Generally speaking, I cringe whenever someone asks me "what tools do you use?" because I have found that tools tend to limit one's thinking on how to solve a problem. As the saying goes:
I suppose it is tempting, if the only tool you have is a hammer, to treat everything as if it were a nail.
-- Abraham Maslow, 1966
But the fact of the matter is that many people are not aware of the vast array of open source tools that they have at their disposal when facing data science problems---myself included! The goal of this project is to build awareness of the most important tools, packages, programs, etc in a manner that is as accessible as possible to the data science community. I'm putting this on github with the explicit intent to have the community propose other tools or other forms of organization that are useful.
The idea for this project originally came from a conversation I had with a coworker and how difficult it is for data science n00bs to understand how all these tools come together. This project is an attempt to address that need.
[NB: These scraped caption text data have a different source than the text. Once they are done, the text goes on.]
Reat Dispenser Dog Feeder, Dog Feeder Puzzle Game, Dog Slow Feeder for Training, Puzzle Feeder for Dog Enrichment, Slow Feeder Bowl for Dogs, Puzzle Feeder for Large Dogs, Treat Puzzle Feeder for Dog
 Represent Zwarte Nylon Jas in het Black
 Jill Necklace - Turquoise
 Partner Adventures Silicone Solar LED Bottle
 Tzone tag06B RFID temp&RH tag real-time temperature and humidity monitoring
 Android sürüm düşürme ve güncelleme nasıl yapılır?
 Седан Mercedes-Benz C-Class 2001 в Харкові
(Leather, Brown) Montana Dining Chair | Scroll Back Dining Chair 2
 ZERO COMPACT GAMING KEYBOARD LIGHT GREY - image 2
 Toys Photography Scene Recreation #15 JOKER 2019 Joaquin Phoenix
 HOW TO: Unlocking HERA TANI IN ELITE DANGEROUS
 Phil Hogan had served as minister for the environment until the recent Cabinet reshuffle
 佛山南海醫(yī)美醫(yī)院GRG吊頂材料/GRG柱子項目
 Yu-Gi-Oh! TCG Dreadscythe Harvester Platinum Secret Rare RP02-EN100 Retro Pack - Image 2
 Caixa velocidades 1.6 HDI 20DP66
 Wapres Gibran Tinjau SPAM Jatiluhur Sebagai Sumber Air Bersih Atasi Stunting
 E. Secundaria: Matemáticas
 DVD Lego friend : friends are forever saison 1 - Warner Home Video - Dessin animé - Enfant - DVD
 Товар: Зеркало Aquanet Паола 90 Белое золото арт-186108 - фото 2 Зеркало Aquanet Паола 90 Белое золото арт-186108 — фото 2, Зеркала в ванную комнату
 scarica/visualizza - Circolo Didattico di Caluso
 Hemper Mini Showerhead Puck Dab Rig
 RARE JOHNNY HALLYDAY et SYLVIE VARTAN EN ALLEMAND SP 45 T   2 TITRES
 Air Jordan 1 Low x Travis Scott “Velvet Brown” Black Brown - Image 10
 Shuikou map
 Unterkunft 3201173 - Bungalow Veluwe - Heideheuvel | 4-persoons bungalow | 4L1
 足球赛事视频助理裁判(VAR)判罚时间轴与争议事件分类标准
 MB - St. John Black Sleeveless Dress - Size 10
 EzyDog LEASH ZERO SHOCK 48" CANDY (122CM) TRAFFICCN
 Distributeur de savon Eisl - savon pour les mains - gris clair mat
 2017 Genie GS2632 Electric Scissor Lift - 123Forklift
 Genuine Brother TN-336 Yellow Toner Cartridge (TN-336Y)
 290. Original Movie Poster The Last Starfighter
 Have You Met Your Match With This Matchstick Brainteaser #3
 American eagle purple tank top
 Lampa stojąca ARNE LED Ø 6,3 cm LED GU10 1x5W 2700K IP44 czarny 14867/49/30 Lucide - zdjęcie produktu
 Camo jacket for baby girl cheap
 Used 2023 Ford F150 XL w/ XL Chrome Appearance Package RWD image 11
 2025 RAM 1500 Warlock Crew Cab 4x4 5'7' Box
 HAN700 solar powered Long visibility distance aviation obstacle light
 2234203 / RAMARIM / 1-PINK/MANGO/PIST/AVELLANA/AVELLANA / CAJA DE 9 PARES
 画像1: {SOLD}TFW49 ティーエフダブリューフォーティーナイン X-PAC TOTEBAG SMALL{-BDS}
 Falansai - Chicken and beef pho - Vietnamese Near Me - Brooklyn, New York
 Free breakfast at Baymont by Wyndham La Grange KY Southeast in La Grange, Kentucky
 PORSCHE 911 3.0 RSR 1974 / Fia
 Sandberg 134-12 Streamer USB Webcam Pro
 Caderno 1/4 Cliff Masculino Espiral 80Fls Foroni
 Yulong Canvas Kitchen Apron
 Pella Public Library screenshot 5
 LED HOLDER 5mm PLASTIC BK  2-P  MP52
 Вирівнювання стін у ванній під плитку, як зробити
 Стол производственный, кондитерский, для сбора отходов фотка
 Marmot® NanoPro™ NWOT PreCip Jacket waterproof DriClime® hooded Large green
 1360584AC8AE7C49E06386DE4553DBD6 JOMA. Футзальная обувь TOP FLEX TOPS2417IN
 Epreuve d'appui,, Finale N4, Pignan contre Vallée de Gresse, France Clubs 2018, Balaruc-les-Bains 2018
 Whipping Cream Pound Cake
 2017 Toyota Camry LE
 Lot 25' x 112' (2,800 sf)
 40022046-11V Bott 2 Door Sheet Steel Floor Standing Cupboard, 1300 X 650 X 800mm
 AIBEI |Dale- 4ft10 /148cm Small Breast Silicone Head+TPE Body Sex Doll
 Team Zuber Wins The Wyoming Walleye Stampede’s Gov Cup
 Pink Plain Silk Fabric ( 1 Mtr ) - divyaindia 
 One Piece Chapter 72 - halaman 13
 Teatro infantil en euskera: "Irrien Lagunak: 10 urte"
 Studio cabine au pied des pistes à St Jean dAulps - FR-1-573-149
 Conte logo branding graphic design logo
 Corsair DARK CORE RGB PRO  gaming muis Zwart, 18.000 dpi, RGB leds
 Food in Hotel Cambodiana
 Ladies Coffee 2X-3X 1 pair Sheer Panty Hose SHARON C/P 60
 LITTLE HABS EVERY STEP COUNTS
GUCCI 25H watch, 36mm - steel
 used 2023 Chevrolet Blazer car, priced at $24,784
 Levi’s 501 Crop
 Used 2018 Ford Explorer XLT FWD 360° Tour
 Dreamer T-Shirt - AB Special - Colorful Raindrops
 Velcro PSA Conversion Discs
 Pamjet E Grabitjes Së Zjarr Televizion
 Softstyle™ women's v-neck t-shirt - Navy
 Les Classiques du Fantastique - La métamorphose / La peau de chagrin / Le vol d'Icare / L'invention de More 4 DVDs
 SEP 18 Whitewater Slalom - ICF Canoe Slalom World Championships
This presentation is hosted via Github Pages and is intended to evolve over time as more tools become available and the landscape of open source tools changes. The goal here is not necessarily to include every available tool under the sun --- there are far too many for that --- but rather to identify a set of core tools that data scientists find most relevant and useful. Packages, frameworks, and tools are likely to be added and removed as their importance and relevance ebbs, but the intent is to keep this repository up to date.
There are many ways to contribute, all of which are greatly appreciated:
-
adding new packages (see tools.json)
-
adding or editing metadata to existing packages (see tools.json)
-
improvements to the presentation (see index.html)
-
other things that are also awesome and helpful ideas that I haven't contemplated.